FTMFF-Film Programming and Film Festivals

Module Provider: Film, Theatre and TV
Number of credits: 20 [10 ECTS credits]
Level:7
Terms in which taught: Spring term module
Pre-requisites:
Non-modular pre-requisites:
Co-requisites:
Modules excluded:
Current from: 2019/0

Module Convenor: Dr Tamara Courage

Email: t.courage@reading.ac.uk

Type of module:

Summary module description:
This is a team-taught module, drawing both on representatives from the industry and on strength across the university. Through a dynamic combination of seminars, workshops and group projects, the module will equip students with advanced knowledge of modes of programming arthouse, alternative and experimental venues, as well as organising film festivals. Film festivals work as an effective (and sometimes unfair) filter of the kind of world cinema distributed to commercial and alternative venues around the world. Winners of Cannes, Venice and Berlin will almost certainly find worldwide distribution, as opposed to thousands of other films, which will run through minor festival circuits in the hope of accessing smaller or niche venues and audiences. Film festivals (such as Sundance, Rotterdam and others) are also closely connected with funding systems for independent filmmakers, who will format their projects with a view to satisfying their requirements. Understanding how both film festivals and film programming work is hence key to understanding the kind of world cinema we watch.

Aims:
The aims of this module are:
•To equip students advanced knowledge of programming arthouse, alternative and experimental venues;
•To equip students with in-depth knowledge of the workings of film festivals, be they major, minor, competitive, non-competitive, thematic, genre-oriented or experimental;
•To offer a critical insight into the filtering process promoted by the pool of world festivals;
•To offer a critical understanding of the consequences of the funding practices promoted by film festivals;
•Through practical projects, to equip students with fundamental skills for becoming film programmers;
•Through practical projects, to equip students with fundamental skills for becoming film-festival organisers.

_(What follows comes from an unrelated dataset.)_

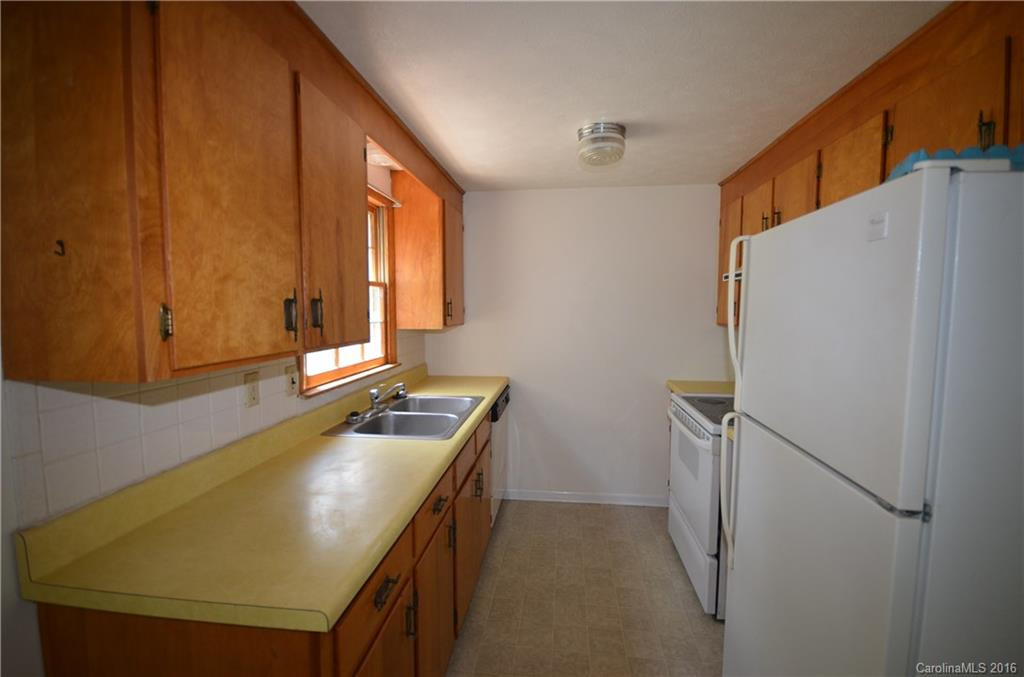 530 Whispering Hills Drive #1 - Photo 3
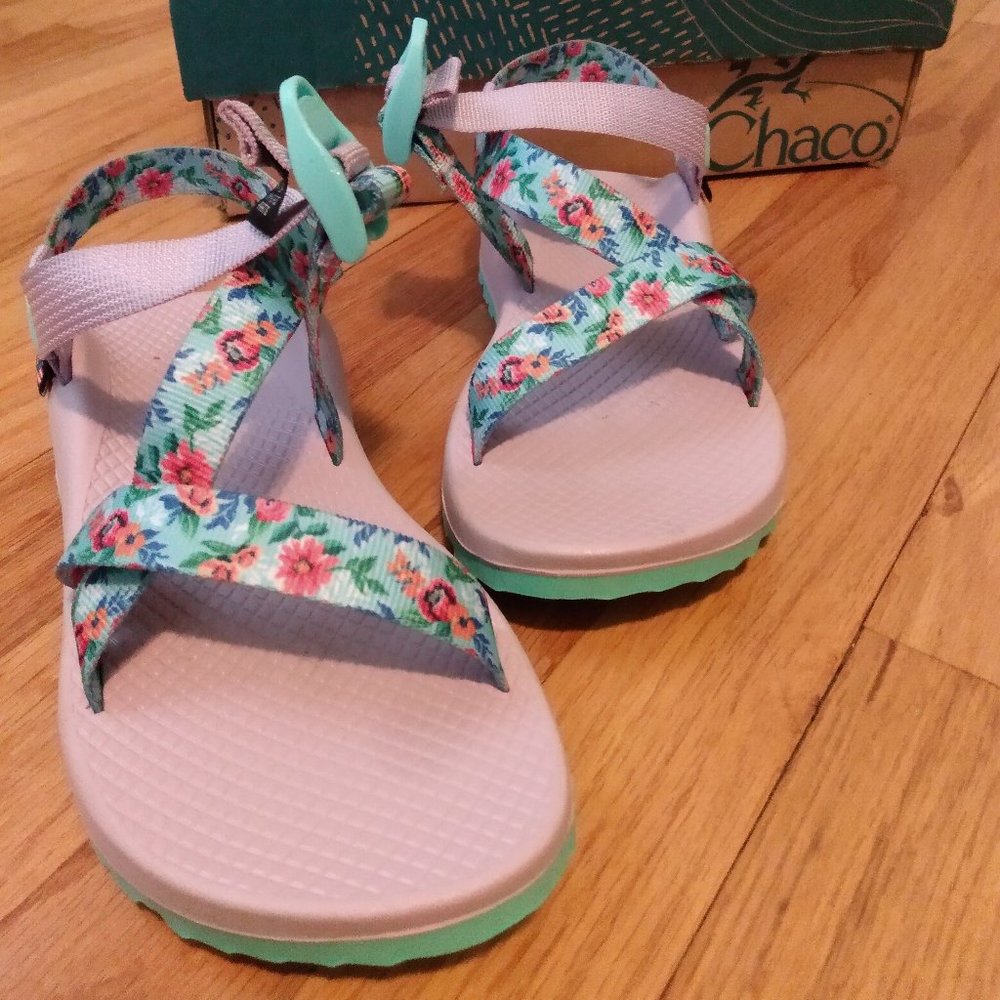 5.5 Chaco Sandals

Assessable learning outcomes:
On completion of this module, students will:
•Have a in-depth understanding of the programming structure of arthouse, alternative and experimental venues;
•Have an in-depth knowledge of the workings of film festivals, be they major, minor, competitive, non-competitive, thematic, genre-oriented or experimental;
•Have a comprehensive understanding of the filtering process promoted by the pool of world festivals;
•Have a critical understanding of the consequences the funding practices promoted by film festivals;
•Be able to develop practical projects in film programming;
•Be able to develop practical projects for film festivals.

Additional outcomes:
•The module will serve as a useful complement to other modules taught in the MA Creative Enterprise;
•It will provide students with critical view of the mainstream and alternative markets for world cinema;
•It will enable them to understand the degree of interdependence that can be ascribed to film festivals and commercial/non-commercial film venues;
•It will provide them with the necessary skills for finding employment in the sector.

Outline content:
1)Seminar: the history and geography of film festivals;
2)Seminar: the history and international development of the arthouse and alternative circuits;
3)Seminar: the logic and consequences of the festival filter;
4)Seminar: the question of independence in arthouse and alternative venues;
5)Seminar: the question of independence in filmmaking;
6)Workshop: arthouse case study;
7)Workshop: major festival case study;
8)Workshop: experimental venue;
9)Group project: preparing a portfolio for a season for the Reading Film Theatre;
10)Group project: proofing copyright and ethical issue.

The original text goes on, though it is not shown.